British Ex-pat Richard Ainsworth wants a quiet life. He’s settling into the quaint Follet Valley in France and running a semi-successful B&B that caters to tourists and newlyweds. He attempts to serve breakfast to his guests one morning when he and another guest, the chic and determined Valerie Dorcay, finds a bloody handprint on the wallpaper and the broken glasses frames of one of his elderly guests.
Inexplicably, Valerie bullies Richard into not reporting the murder to the police but agrees to help Valerie investigate the mystery because she is bored and has beautiful brown eyes. Richard is totally cowed by these eyes because he is going through a divorce with his wife, Clare, who is not currently living with him at the B&B.
So Valerie and Richard begin their investigation, leading them to the missing man’s brother. He is a judge, and his criminal brother lives next door and likes to commit crimes and impersonate the judge.
Then Valerie and Richard are accosted by rival B&B owners who believe they are having an affair. Valerie believes the missing man might have also stayed at the rival B&B, so she scopes it out. She is startled to realize that the other B&B is a nudist resort. They also are swingers who through sex parties. How wacky! (eye roll)
When Valerie and Richard meet back up at Richard’s B&B, Richard finds one of his chickens strangled, and that’s officially when I put this in my DNF pile.

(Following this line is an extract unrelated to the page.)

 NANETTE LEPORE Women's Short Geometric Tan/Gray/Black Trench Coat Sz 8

All of the characters, especially Valerie and Richard, are so broad. Valerie is beautiful, chic, bored, and demanding. She is a stereotype, so unlike a real woman, it makes me think Ian Moore has never met a woman. Richard is so boring and doesn’t want to investigate a murder. He wants to have emotional affairs with women and stew in anxiety. He seemingly hates his guests and spends every waking second daydreaming in a Walter Mittyesque sequence. Still, you know…if Walter Mitty had a poster of classic movies in his dorm that he’s never watched but pretends that he has to seem cool.
Nobody acts logically, and Ian Moore believes that making the characters weird and drastic things that make no sense is humorous. At first, I thought maybe it was an attempt at the philosophy of absurdism (which is prevalent in movies- and you can see it done well in the movie Everything, Everywhere, All At Once). Still, I quickly realized, no, Ian Moore is just a lousy writer who co-opted the cozy mystery genre to play out some weird middle-aged male fantasy.

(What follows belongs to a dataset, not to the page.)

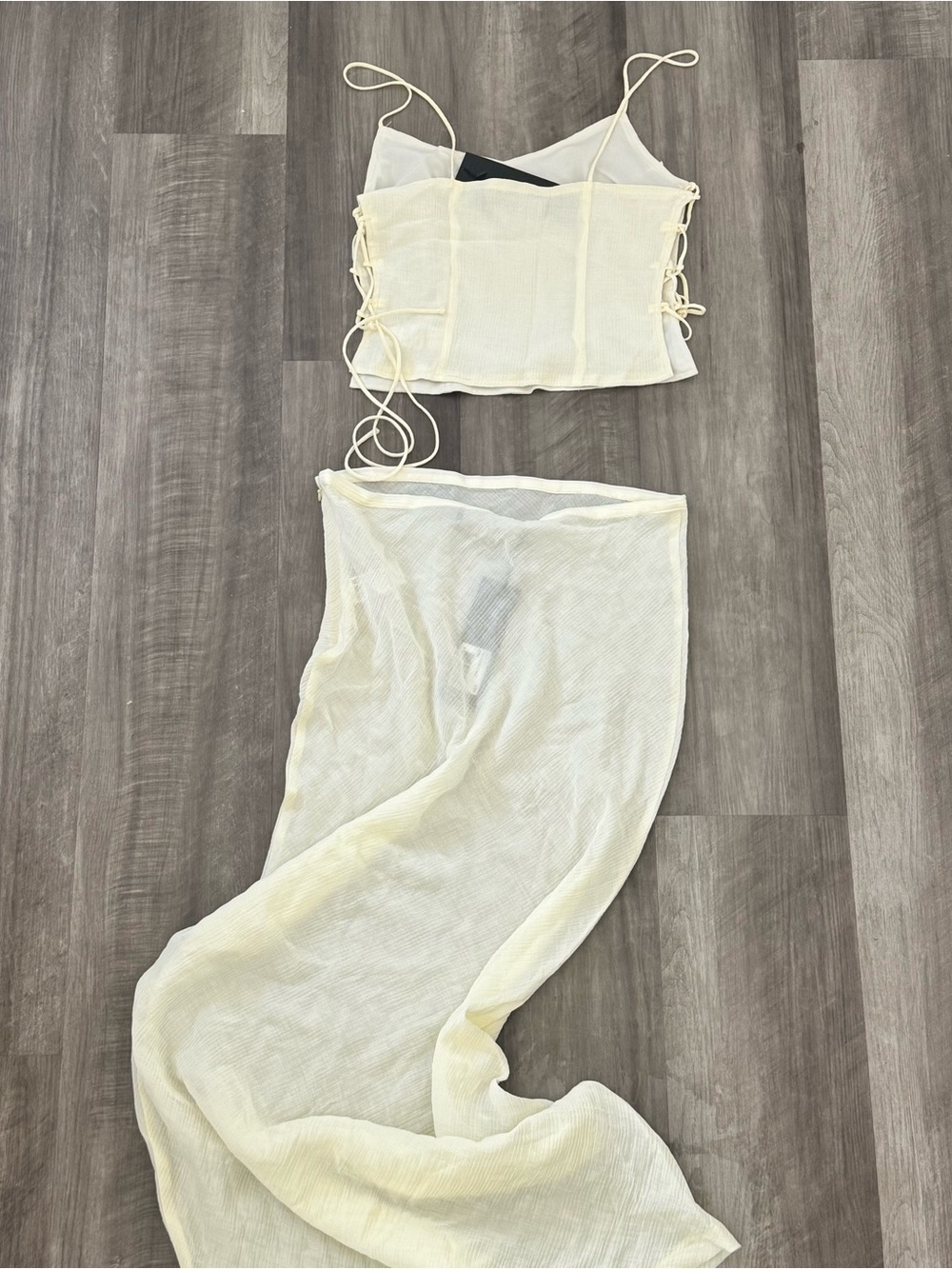 Lioness Butter Yellow Two-Piece Mesh Crop Top and Maxi Skirt Set - Picture 7 of 8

This book is pretty divisive, with many people giving it a low rating on Goodreads, so I am not alone in my assessment that it is pure drivel. I don’t recommend it. It’s not the next “Thursday Murder Club” as advertised, and I regret spending my money on a physical copy of this terrible book because now I don’t know what to do with it. It does smell good (mmm, new book smell) and has soft pages. Oh, and I like the cover design, so there’s that.